▶ [Exercise data]

====================

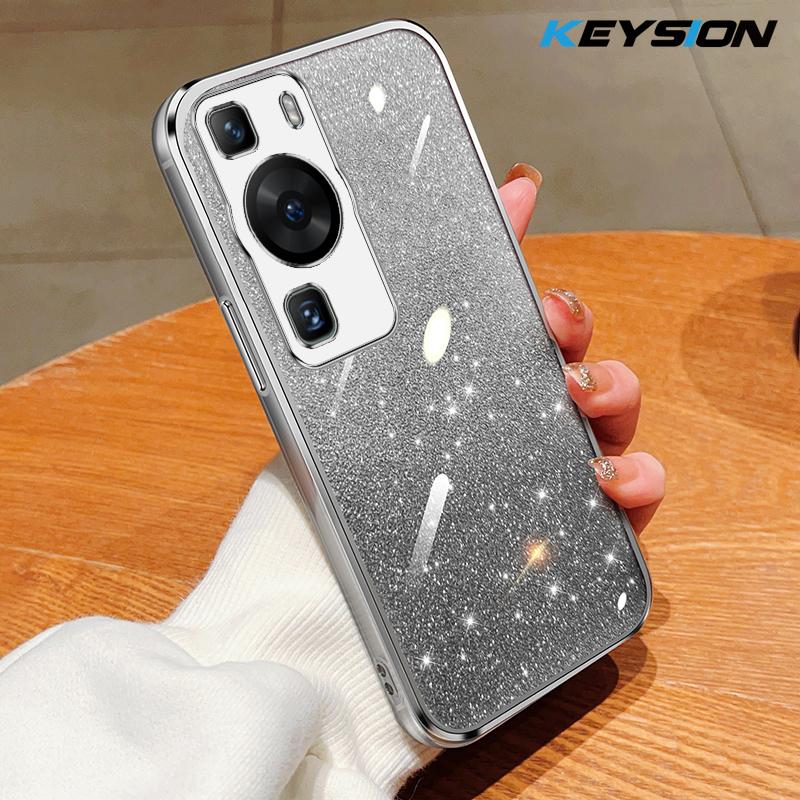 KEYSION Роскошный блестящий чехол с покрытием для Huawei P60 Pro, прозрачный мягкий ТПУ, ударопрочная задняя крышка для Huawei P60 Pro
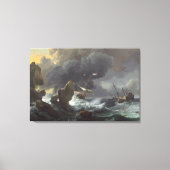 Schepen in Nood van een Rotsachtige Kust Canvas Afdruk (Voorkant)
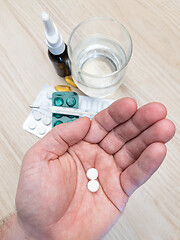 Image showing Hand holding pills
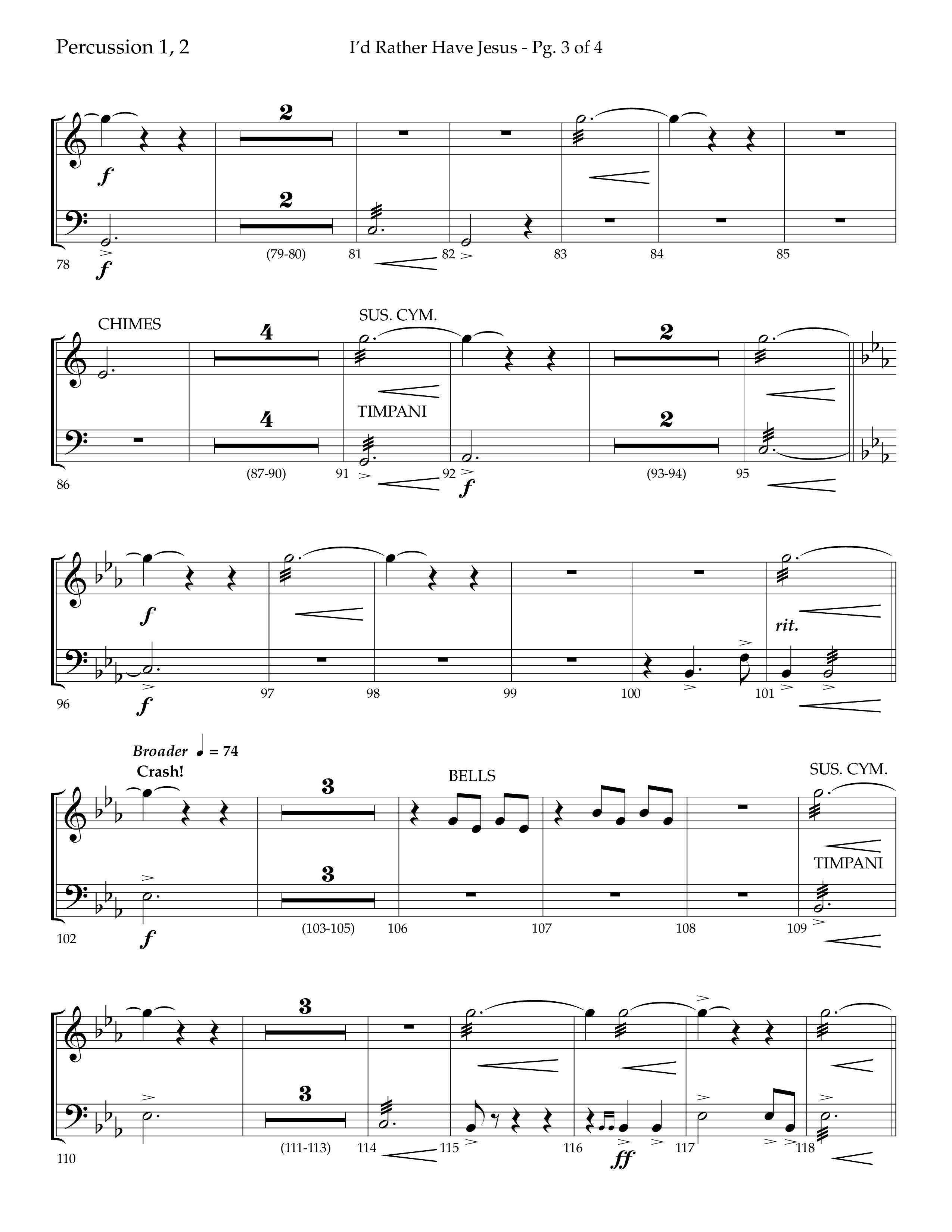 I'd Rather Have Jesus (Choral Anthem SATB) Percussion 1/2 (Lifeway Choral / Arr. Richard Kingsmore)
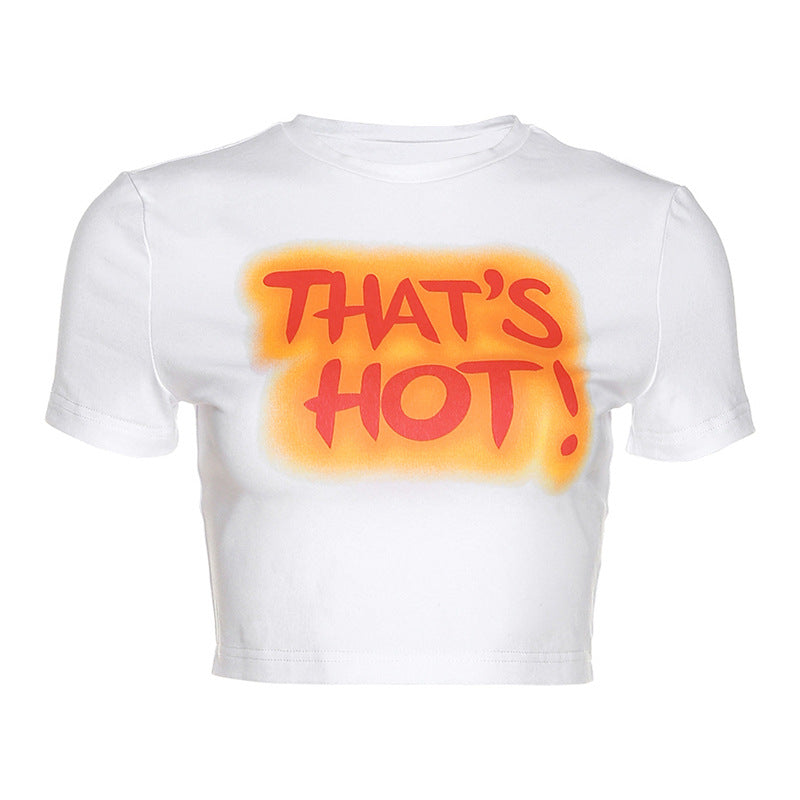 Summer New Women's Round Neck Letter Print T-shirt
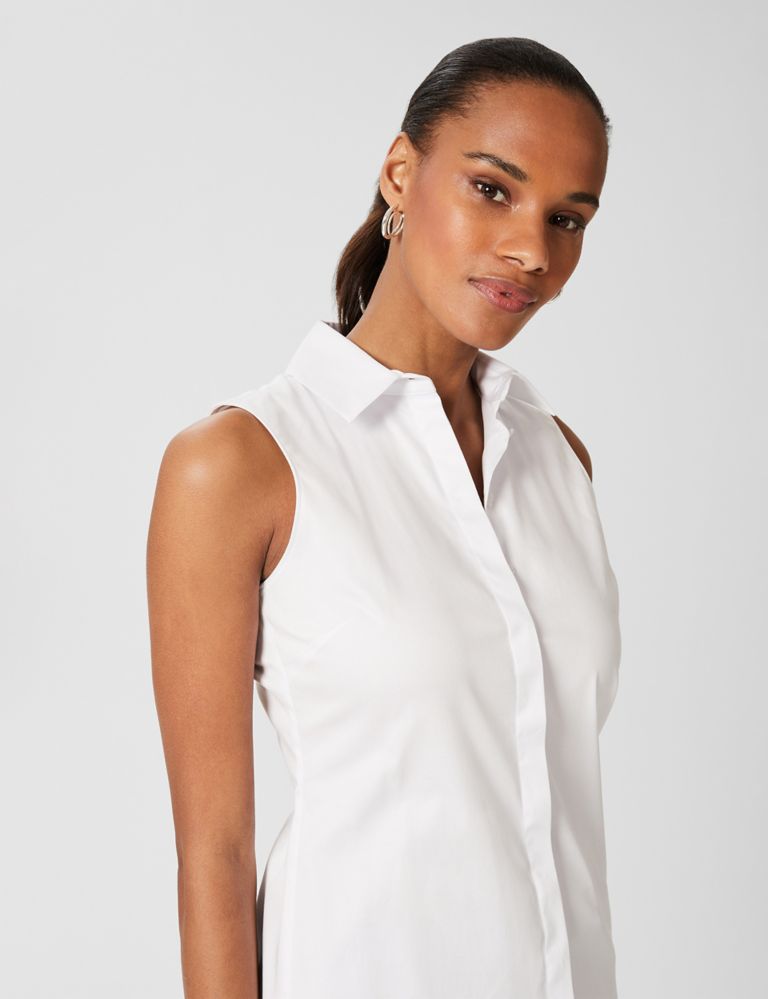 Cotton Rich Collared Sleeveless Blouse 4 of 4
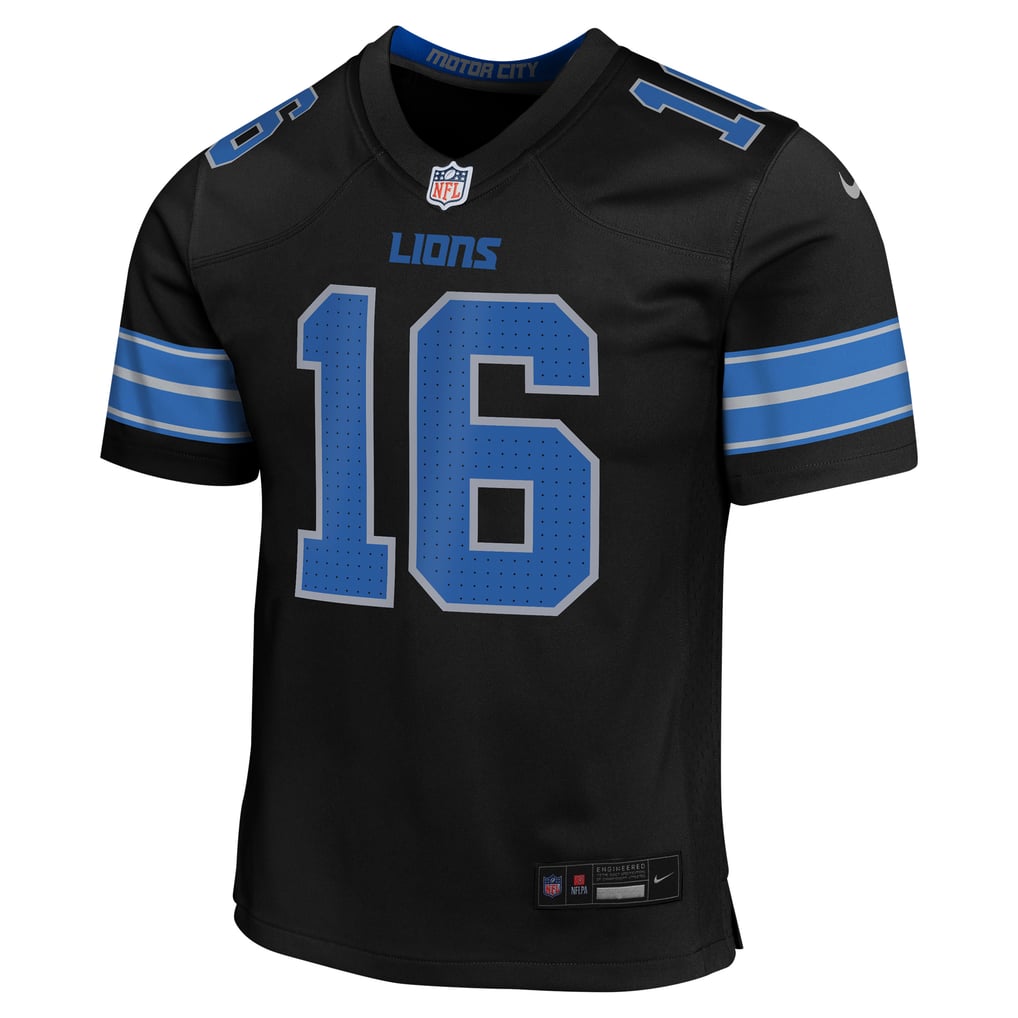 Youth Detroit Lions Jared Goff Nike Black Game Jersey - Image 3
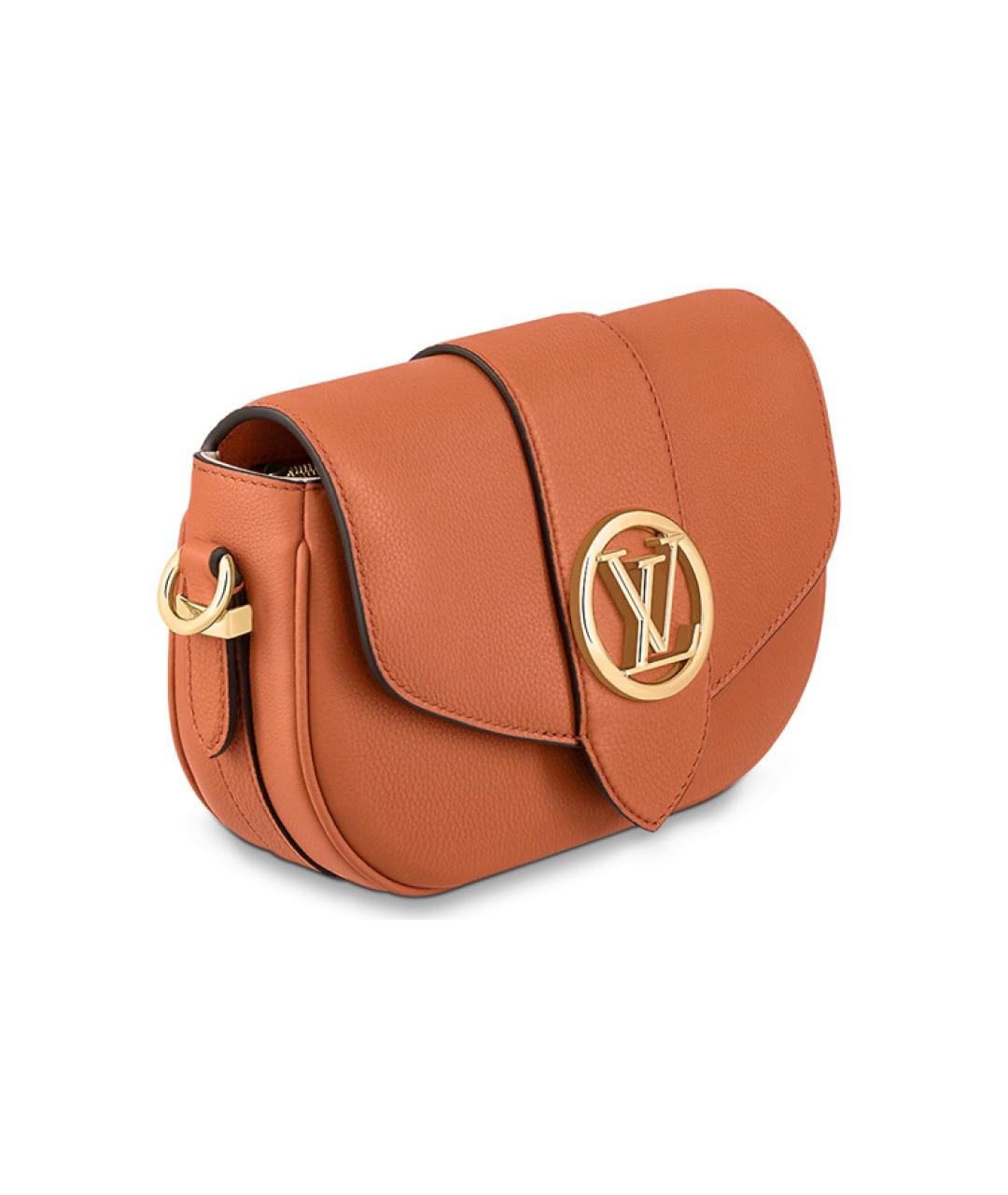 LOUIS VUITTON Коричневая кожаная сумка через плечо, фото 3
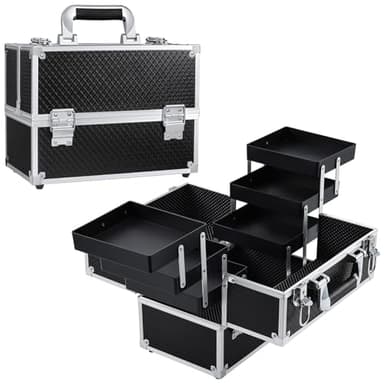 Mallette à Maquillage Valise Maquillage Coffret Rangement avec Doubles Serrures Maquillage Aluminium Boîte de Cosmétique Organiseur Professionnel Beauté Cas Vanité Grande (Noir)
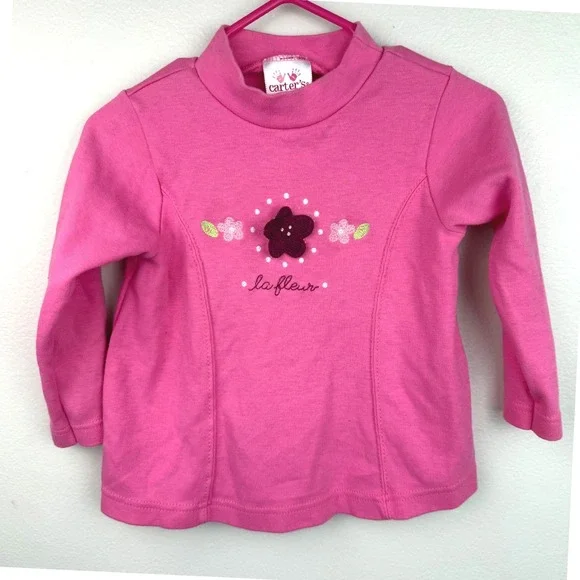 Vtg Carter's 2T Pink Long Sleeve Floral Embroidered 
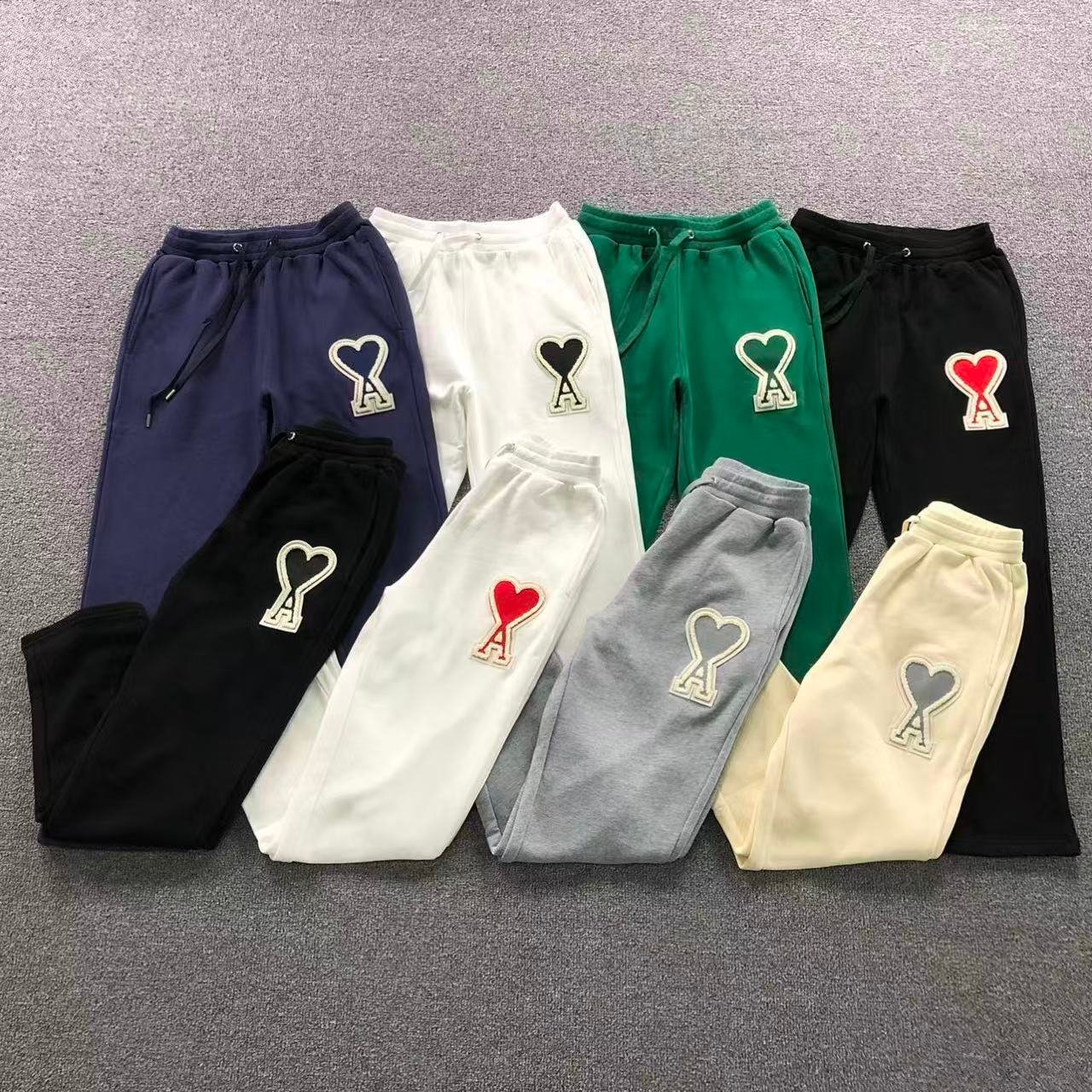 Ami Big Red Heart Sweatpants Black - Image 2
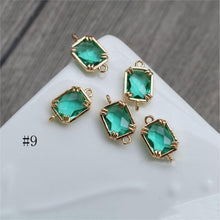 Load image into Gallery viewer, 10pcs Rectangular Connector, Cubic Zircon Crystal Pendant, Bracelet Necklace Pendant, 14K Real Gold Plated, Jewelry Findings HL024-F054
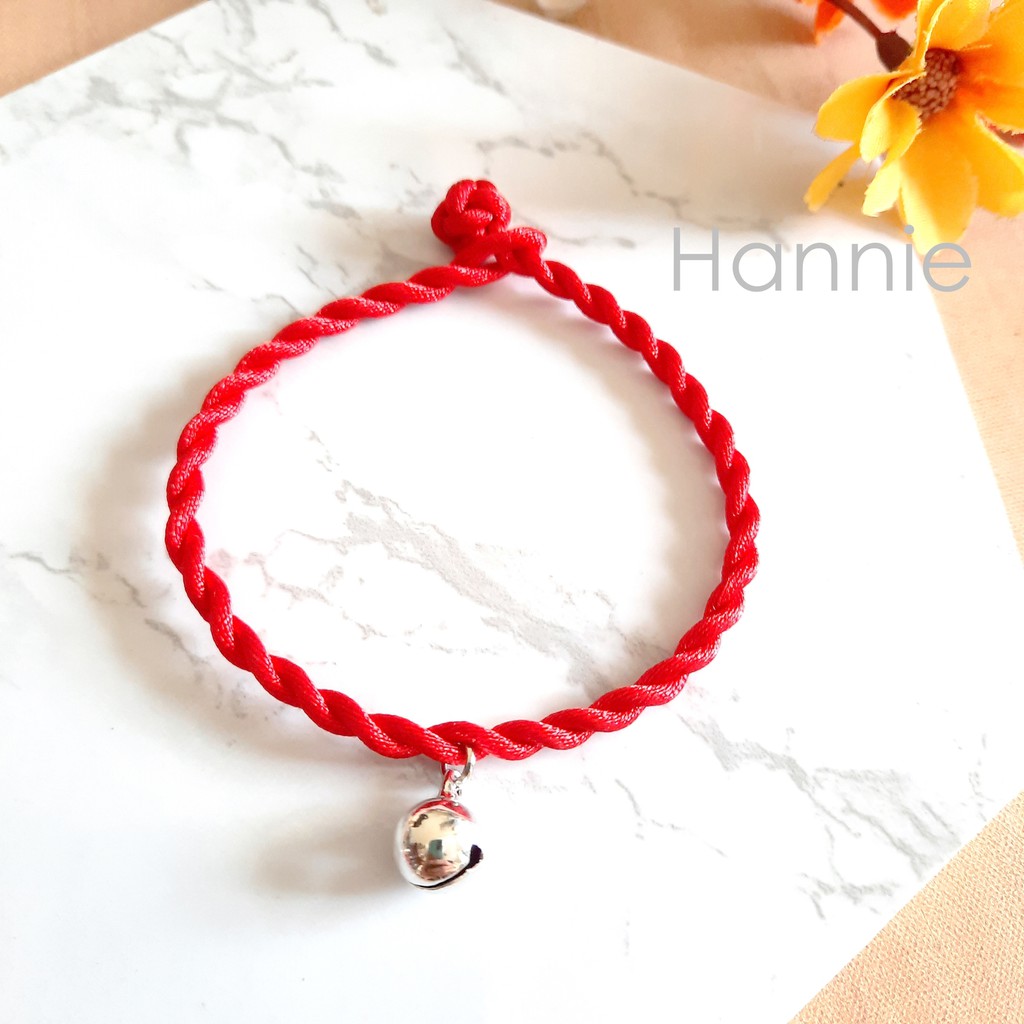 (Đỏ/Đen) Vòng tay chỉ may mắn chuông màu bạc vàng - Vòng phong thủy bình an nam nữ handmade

====================

▶ [Your objective] Retype the records in full. Do not carry over the images.

▶ [Your solution]
 KEYSION Роскошный блестящий чехол с покрытием для Huawei P60 Pro, прозрачный мягкий ТПУ, ударопрочная задняя крышка для Huawei P60 Pro
 Schepen in Nood van een Rotsachtige Kust Canvas Afdruk (Voorkant)
 Image showing Hand holding pills
 I'd Rather Have Jesus (Choral Anthem SATB) Percussion 1/2 (Lifeway Choral / Arr. Richard Kingsmore)
 Summer New Women's Round Neck Letter Print T-shirt
 Cotton Rich Collared Sleeveless Blouse 4 of 4
 Youth Detroit Lions Jared Goff Nike Black Game Jersey - Image 3
 LOUIS VUITTON Коричневая кожаная сумка через плечо, фото 3
 Mallette à Maquillage Valise Maquillage Coffret Rangement avec Doubles Serrures Maquillage Aluminium Boîte de Cosmétique Organiseur Professionnel Beauté Cas Vanité Grande (Noir)
 Vtg Carter's 2T Pink Long Sleeve Floral Embroidered 
 Ami Big Red Heart Sweatpants Black - Image 2
 Load image into Gallery viewer, 10pcs Rectangular Connector, Cubic Zircon Crystal Pendant, Bracelet Necklace Pendant, 14K Real Gold Plated, Jewelry Findings HL024-F054
 (Đỏ/Đen) Vòng tay chỉ may mắn chuông màu bạc vàng - Vòng phong thủy bình an nam nữ handmade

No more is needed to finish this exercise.